From radical left to right, there were various motives to reject the monarchy. Regionalists hoped for a federal course after the monarchy. After seven years of dictatorship, the remnants of the liberals wanted to rid themselves of the Catholic influence that the Church, especially through the monarchy, had exerted on the political system. In de 19th century, liberalism had become the natural enemy of Catholicism. The increased influence of Catholicism since the restoration eventually drove the liberals into the arms of revolutionary left-wing groups to form a coalition against the clergy.

Pact of San Sebastian

In August 1930, the Pact of San Sebastian was signed. A widely supported agreement between politicians of various backgrounds. The initiative came from the right-wing liberal Alcala Zamora. The main goal of the pact was to establish a Spanish republic, although the specific political direction was still under discussion. A Revolutionary Committee was chosen with Alcala Zamora as its chairman. The committee decided to carry out a coup, which, however, failed miserably due to its amateurish execution.

Republicans win the municipal elections

Berenguer, realizing that he could not restore order in this chaotic situation, stepped down after a year in February 1931 and was succeeded by General Aznar. On April 12, 1931, municipal elections were held, and 46 out of the 50 provincial capitals became republican. In rural areas, the monarchists managed to hold on with much manipulation. On April 14, after realizing that he could not rely on the military either, Alfonso left his palace and departed for France. After 231 years, the Bourbon hegemony came to a (temporary) end.

Proclamation of the Second Republic

In 1931, the Second Republic was proclaimed, marking the first time in centuries of oppression by despots, the intolerant Catholic Church, and the repressive military establishment that the contours of a genuine democracy began to emerge. The electoral laws were changed, and active and passive suffrage for women was introduced.

Cogesa Expats

Social reforms aimed to improve the position of rural laborers and urban workers. Autonomy claims of certain regions were recognized, education was democratized and stripped of the significant influence of the Catholic Church, and the separation of church and state was constitutionally established. The aspiration was to create a modern democracy following the European model. Thus, a reasonably viable democratic republic was established in 1931.

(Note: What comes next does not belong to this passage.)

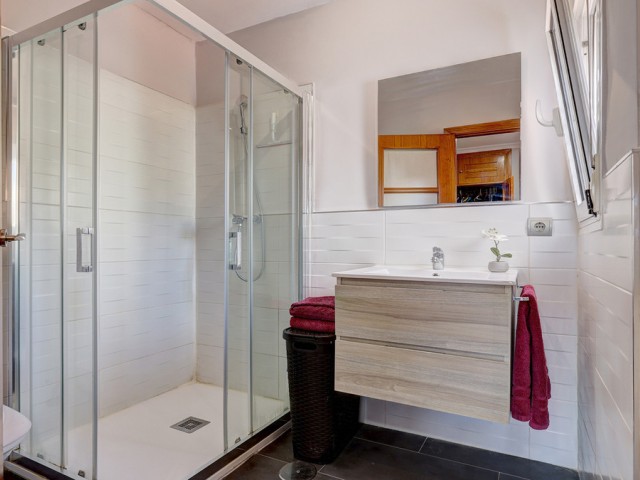 Maison mitoyenne avec 3 Chambres  à Manilva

Many political ideologies in the ‘Cortes’

The Spanish Parliament, known as the Cortes, represented a broad spectrum of political ideologies, dominated by the Catholic Party, the Social Democrats, and the Republicans. There were political splinter groups on the left and right. On one side, there were communists and revolutionary socialists, and on the other, there was the Falange, inspired by Italian fascism. Just five months before the start of the Spanish Civil War in 1936, the Falange received no more than 0.5% of the votes in national elections, while the communists garnered a meager three percent. The main radicals on the left, as a matter of principle, did not participate in elections. These were the anarchists.

Regionalism and anarchism

The “Disaster” of 1898 further eroded trust in the Spanish central government and played into the hands of regionalism (particularly Basque and Catalan nationalism) and the relatively strong anarchism in Spain. Anarchists had already made their presence known in the late 19th century with attacks on the king and the assassination of three prime ministers.

The anarchists, as a matter of principle, did not participate in elections, but their organizations had an impressive following among peasants and workers. In some places, they were already restructuring society according to their own principles. Rarely in history has anarchism played a greater societal role than in these years in Spain.